In this section I copare occupancy rate ( a variable created using number of available beds and number of residents in bed) against three quarter average to see how capacity and ratings seem to move together. I color code higher than average and lower than average occupancy rates. 
- Seemingly there is no trend. 


In [None]:
scatter_plotter(
    x_in = 'number_of_certified_beds',
    y_in = 'number_of_residents_in_certified_beds')
scatter_plotter()

#### Question: What are some initial hypotheses or insights? What should I investigate next?
    - A few insignts to explore:
        - One area to investigate is how the Oregon area compares to other regions.
        - Of the quality ratings, which are most correlated to patient satisfaction?
        - How does quality ratings affect the rate of medicare payment penalization or non-payment? and Does a better staff rating result in fewer penalties?
    - A couple of hypotheses to test:
        - Do administrative variables such as "type of ownership" affect overall ratings?

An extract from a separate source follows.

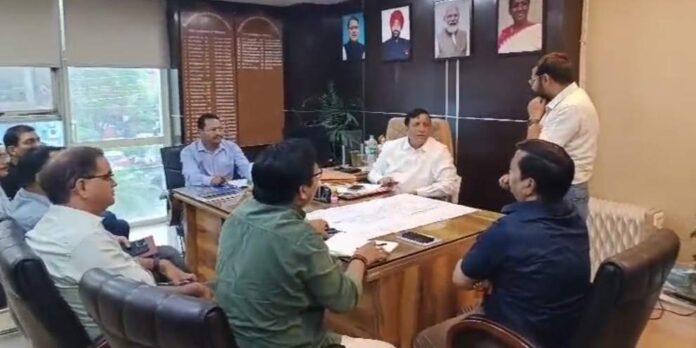 आढत बाजार को लेकर MDDA उपाध्यक्ष ने की समीक्षा बैठक, समय पर कार्य पूरे करने के निर्देश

        - Does staffing quality affect patient stay quality?
#### Question: What are some ways to narrate this data?
        - Utilizing a static deck which allows one to walk an audience through: 
            - Financial outcomes
            - Patient Outcomes
            - and Quality Ratings 
            ... would do well in communicating the landscape of a specific geographic area -- when it comes to visualizing data regarding the entire nation -- it becomes more difficult as trends begin to be buried due to many state by state differences. Focusing on a single market would be the best solution in directing a story line. Given that an audience member has understood initial localized markets -- the next step would be to show a larger national picture where they can ask questions about broader implications of local markets. I believe this is important because local health care markets, being so different, provide an opportunity to understand the driving differences in the post-acute sector where region-specific variables such as cost of living, age distribution,  demographic distribution, family / mental health dynamics, and of course transportation plays a large role. 
        - Given the above contextualization, a broader understanding of the landscape can be achieved in a more interactive manner. A broarder narrative would involve an interactive selector with the following features:
            - Region selector: Country Region > State > City or Zip Code
            - Domain Selector: where one can select "quality ratings" "penalties / non payment" or customer" satisfaction"
            - Then have dynamic scatter plots tell which facilities are above or below the national average.
            - Each level would provider benchmarks given the higher-level average. For example, a state level view would display national level statistics as benchmarks.
#### Question: What additional data do I need to make this story more complete?
        - I believe more data around patient outcomes would complete the story. Imagine being able to look at diagnosis groups of patients. How do patients are in for cardiac episodes compare to patients who come in for hip surgeries? 
        - Do the groups above differ when it comes to readmission rates into hospitals when we look at the quality rating of staff?